Answer with the exact lines of the following material from the one containing "Breeze & Nature" through the one containing "Hyundai Ionic 5 id 4489389 из Кореи 38", both end lines included.

══ MATERIALS PROVIDED

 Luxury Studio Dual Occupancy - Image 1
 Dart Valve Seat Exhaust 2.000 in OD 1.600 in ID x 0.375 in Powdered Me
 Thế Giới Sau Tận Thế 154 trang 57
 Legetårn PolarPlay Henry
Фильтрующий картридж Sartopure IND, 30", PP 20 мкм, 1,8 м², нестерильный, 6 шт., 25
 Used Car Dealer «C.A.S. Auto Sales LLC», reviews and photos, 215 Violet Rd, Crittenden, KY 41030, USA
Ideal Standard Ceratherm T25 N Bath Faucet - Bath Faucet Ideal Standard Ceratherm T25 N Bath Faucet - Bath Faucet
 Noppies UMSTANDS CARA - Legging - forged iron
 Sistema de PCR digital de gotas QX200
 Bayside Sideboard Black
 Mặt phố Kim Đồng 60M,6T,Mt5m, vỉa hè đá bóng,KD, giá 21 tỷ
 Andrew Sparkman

════
══ MATERIALS PROVIDED

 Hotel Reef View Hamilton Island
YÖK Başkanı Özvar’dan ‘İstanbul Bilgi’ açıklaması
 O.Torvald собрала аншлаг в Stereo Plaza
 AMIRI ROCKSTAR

════
══ MATERIALS PROVIDED

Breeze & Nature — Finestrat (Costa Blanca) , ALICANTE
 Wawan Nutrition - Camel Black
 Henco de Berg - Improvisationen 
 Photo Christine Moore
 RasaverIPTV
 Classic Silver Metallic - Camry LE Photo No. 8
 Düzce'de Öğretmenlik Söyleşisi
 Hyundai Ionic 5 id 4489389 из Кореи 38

════

_ANSWER BOX_:
Breeze & Nature — Finestrat (Costa Blanca) , ALICANTE
 Wawan Nutrition - Camel Black
 Henco de Berg - Improvisationen 
 Photo Christine Moore
 RasaverIPTV
 Classic Silver Metallic - Camry LE Photo No. 8
 Düzce'de Öğretmenlik Söyleşisi
 Hyundai Ionic 5 id 4489389 из Кореи 38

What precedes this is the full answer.